Numérique : une stratégie à définir pour le logiciel libre
Tribune dans le Monde de:
Roberto Di Cosmo,Directeur de Software Heritage, professeur d’informatique à l’Inria et à l’université de Paris
Stefane Fermigier,Entrepreneur du logiciel libre et co-président du Conseil national du logiciel libre/CNLL
Cedric Thomas Economiste et directeur général de l’organisation Open source OW2.
Tribune.
Le 1er janvier 2022, pendant que la campagne électorale des présidentielles battra son plein, la France prendra la présidence tournante de l’Union européenne (UE) pour six mois, et aura à cœur de catalyser la collaboration entre les Etats membres.
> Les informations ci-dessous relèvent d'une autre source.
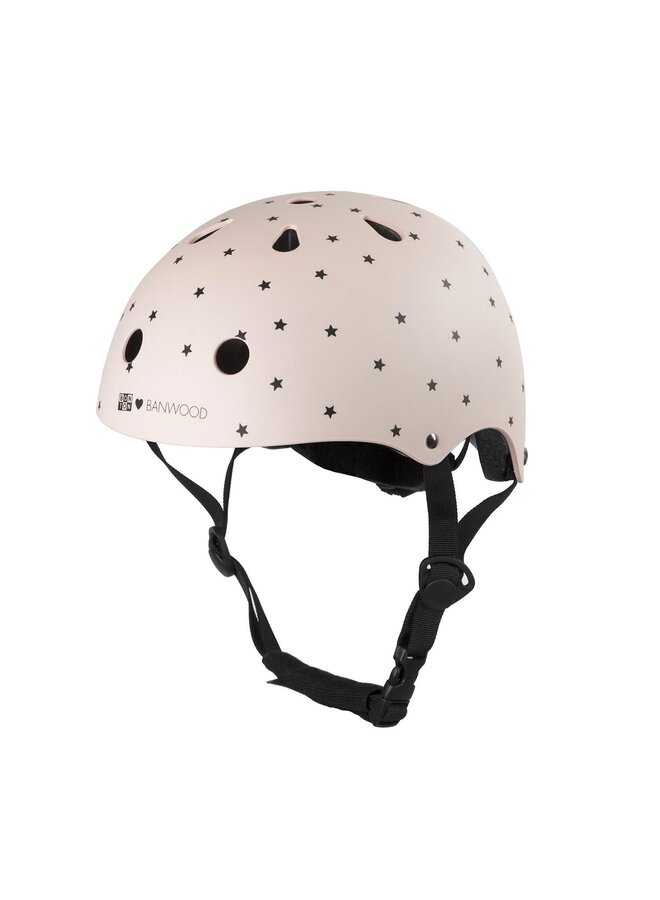 Helm Matte Pink - Banwood X Bonton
Il sera alors attendu de chaque ministre un programme ambitieux.
Pour aller dans le sens de l’histoire, la France devra promouvoir la collaboration entre Etats dans le domaine du numérique et se hisser à la hauteur des enjeux en plaçant les valeurs d’ouverture, de transparence, d’inclusivité et d’autonomie du logiciel libre au cœur de sa stratégie numérique.
Pour cela, nous appelons dès aujourd’hui à la création au sein de l’Etat d’une « mission logiciel libre » dépendant du premier ministre, avec les moyens nécessaires et la volonté de travailler avec les acteurs de l’écosystème du logiciel libre, ses communautés et ses entreprises. Nous rejoignons en cela une des recommandations fortes du rapport du député Eric Bothorel sur « la politique publique de la donnée, des algorithmes et des codes sources », remis au premier ministre le 23 décembre 2020.
L’ouverture comme moteur d’innovation
Le logiciel libre (aussi appelé logiciel open source, c’est-à-dire couvert par des licences qui garantissent le droit de l’utiliser, de l’étudier, de le modifier et de le redistribuer librement) et l’ouverture des données sont deux enjeux majeurs du numérique moderne dont les administrations publiques prennent de plus en plus conscience.
En novembre 2020, la Commission européenne a rendu publique sa stratégie pour le logiciel libre. Celle-ci met clairement l’accent sur l’ouverture comme moteur d’innovation, d’autonomie numérique et de respect des citoyens et des utilisateurs. La Commission constate que l’open source permet à des organisations entières de facilement « se connecter de manière transparente au-delà des silos organisationnels et des frontières » pour améliorer l’efficacité de leurs processus.
Pour la Commission, les effets du paradigme d’ouverture de l’open source vont au-delà du logiciel, au point de « définir une vision pour encourager et exploiter le pouvoir de transformation, d’innovation et de collaboration de l’open source, ses principes et ses pratiques de développement ».
Intérêt du logiciel libre pour les administrations publiques
Plus récemment, en décembre 2020, le Conseil européen appelait dans sa Déclaration de Berlin à « promouvoir le développement, le partage et la réutilisation des normes, solutions et spécifications open source par-delà les frontières ». Enfin, la nomination par le président américain Joe Biden de David Recordon, un spécialiste de l’open source, au poste de directeur de la technologie de la Maison Blanche est un autre signe de l’intérêt que représente le logiciel libre pour les administrations publiques.